→ **Exercise brief**
Each line in the material below, starting at the one with "Cardigã tricotado em" and ending at the one with "Two men on a", is to be reproduced exactly; no picture is to be copied.

** Opening Dataset excerpts block **

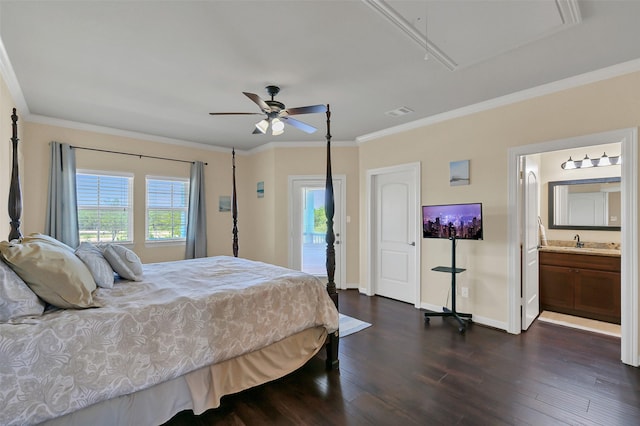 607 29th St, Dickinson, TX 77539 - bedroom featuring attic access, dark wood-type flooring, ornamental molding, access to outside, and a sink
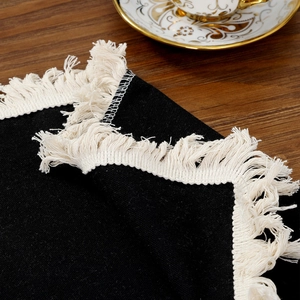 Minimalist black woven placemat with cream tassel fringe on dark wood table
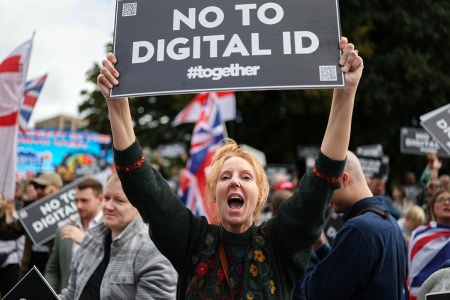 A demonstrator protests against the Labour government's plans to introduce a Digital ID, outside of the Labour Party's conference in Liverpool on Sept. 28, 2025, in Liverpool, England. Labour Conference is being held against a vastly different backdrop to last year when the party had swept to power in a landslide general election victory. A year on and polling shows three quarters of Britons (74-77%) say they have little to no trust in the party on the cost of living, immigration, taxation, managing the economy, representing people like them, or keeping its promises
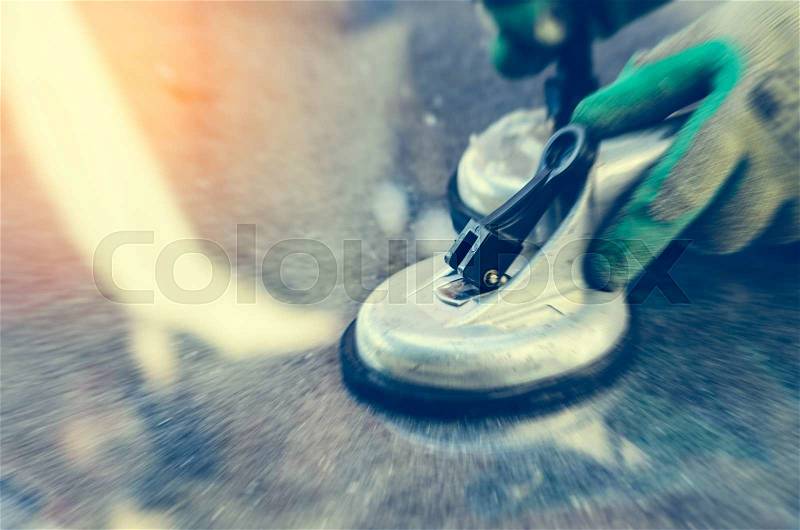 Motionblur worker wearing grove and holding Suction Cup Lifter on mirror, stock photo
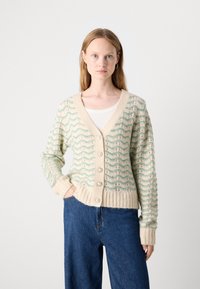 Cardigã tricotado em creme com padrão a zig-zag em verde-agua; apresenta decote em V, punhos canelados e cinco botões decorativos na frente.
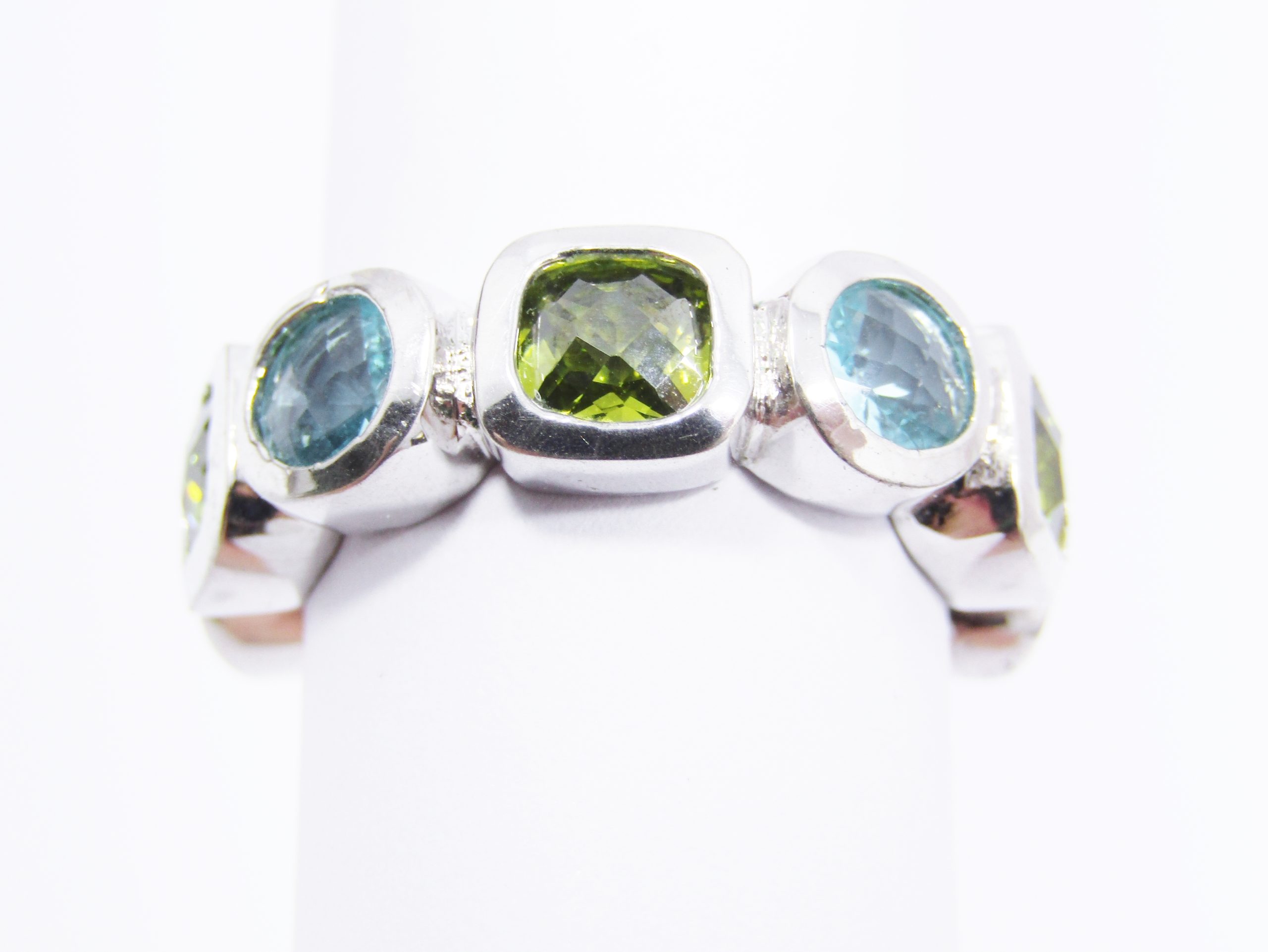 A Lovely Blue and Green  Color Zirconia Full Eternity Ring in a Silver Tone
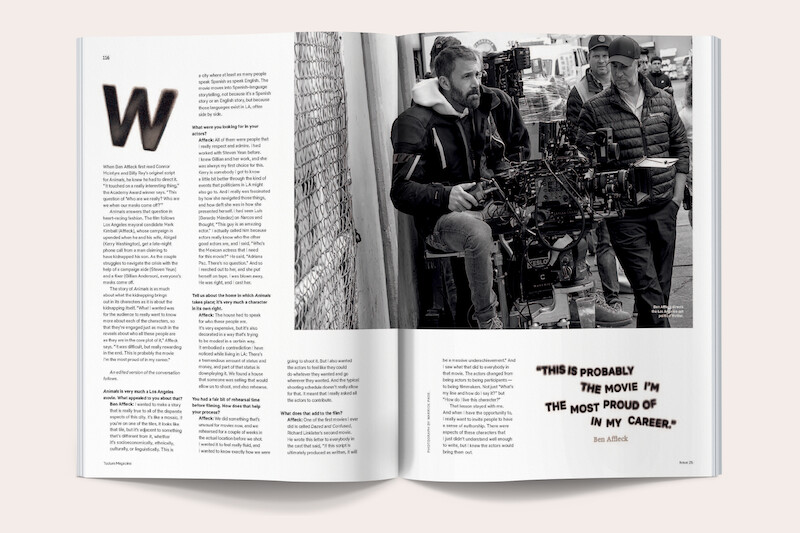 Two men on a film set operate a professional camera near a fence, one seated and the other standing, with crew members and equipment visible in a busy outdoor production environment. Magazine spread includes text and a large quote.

** Closing Dataset excerpts block **
** Opening Dataset excerpts block **

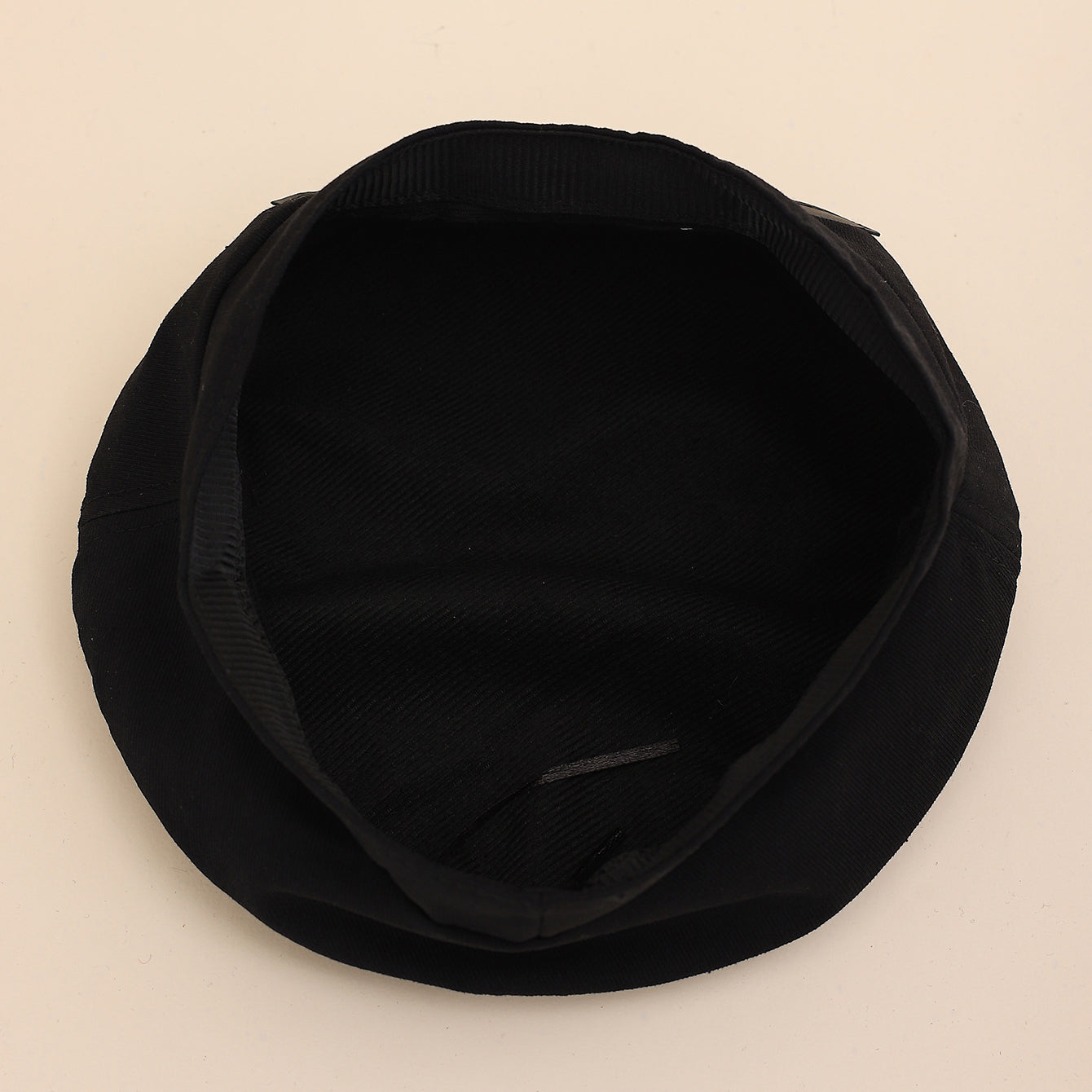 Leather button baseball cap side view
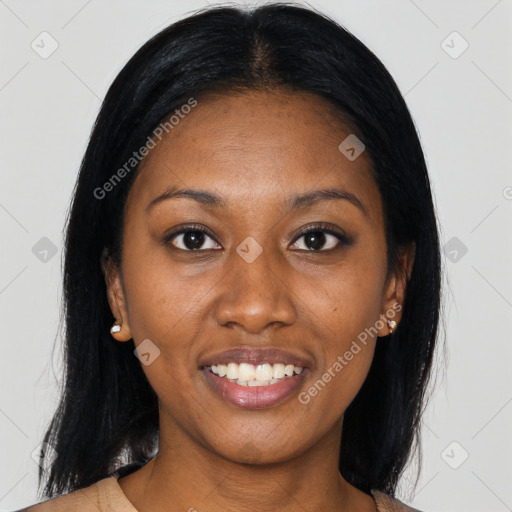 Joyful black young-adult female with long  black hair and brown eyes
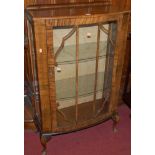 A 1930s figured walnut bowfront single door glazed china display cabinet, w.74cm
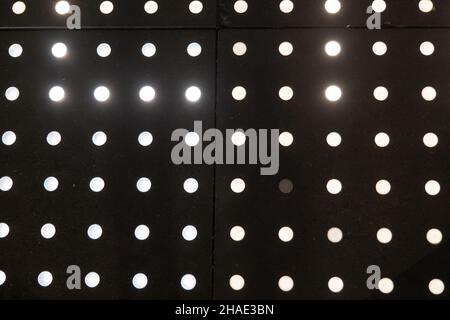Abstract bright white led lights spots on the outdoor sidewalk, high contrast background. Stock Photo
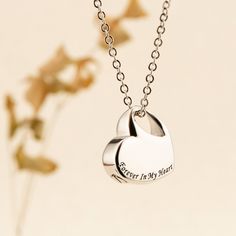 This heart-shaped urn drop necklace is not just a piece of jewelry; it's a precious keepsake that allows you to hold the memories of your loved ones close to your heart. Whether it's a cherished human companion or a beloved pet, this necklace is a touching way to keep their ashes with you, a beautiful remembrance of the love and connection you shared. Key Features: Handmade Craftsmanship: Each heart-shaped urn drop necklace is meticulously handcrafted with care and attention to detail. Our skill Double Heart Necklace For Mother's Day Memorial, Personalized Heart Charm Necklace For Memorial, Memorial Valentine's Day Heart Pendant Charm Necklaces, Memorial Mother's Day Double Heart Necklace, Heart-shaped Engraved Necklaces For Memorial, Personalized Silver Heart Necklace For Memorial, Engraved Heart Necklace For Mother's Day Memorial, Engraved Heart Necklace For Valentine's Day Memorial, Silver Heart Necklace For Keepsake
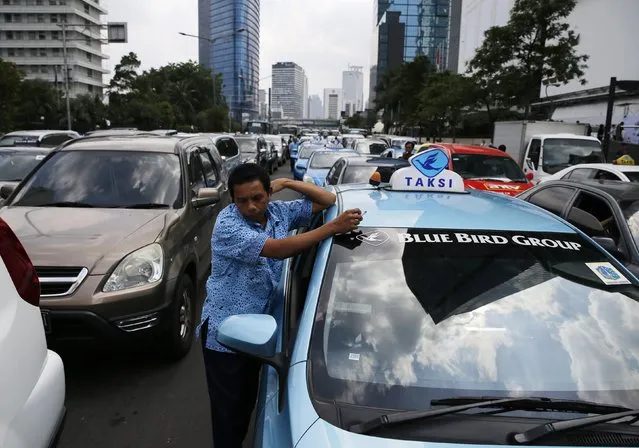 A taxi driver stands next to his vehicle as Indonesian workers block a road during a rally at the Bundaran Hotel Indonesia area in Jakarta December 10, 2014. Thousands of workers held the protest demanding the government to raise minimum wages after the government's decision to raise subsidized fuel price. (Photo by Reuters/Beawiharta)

** Closing Dataset excerpts block **

→ **Exercise output**
 Cardigã tricotado em creme com padrão a zig-zag em verde-agua; apresenta decote em V, punhos canelados e cinco botões decorativos na frente.
 A Lovely Blue and Green  Color Zirconia Full Eternity Ring in a Silver Tone
 Two men on a film set operate a professional camera near a fence, one seated and the other standing, with crew members and equipment visible in a busy outdoor production environment. Magazine spread includes text and a large quote.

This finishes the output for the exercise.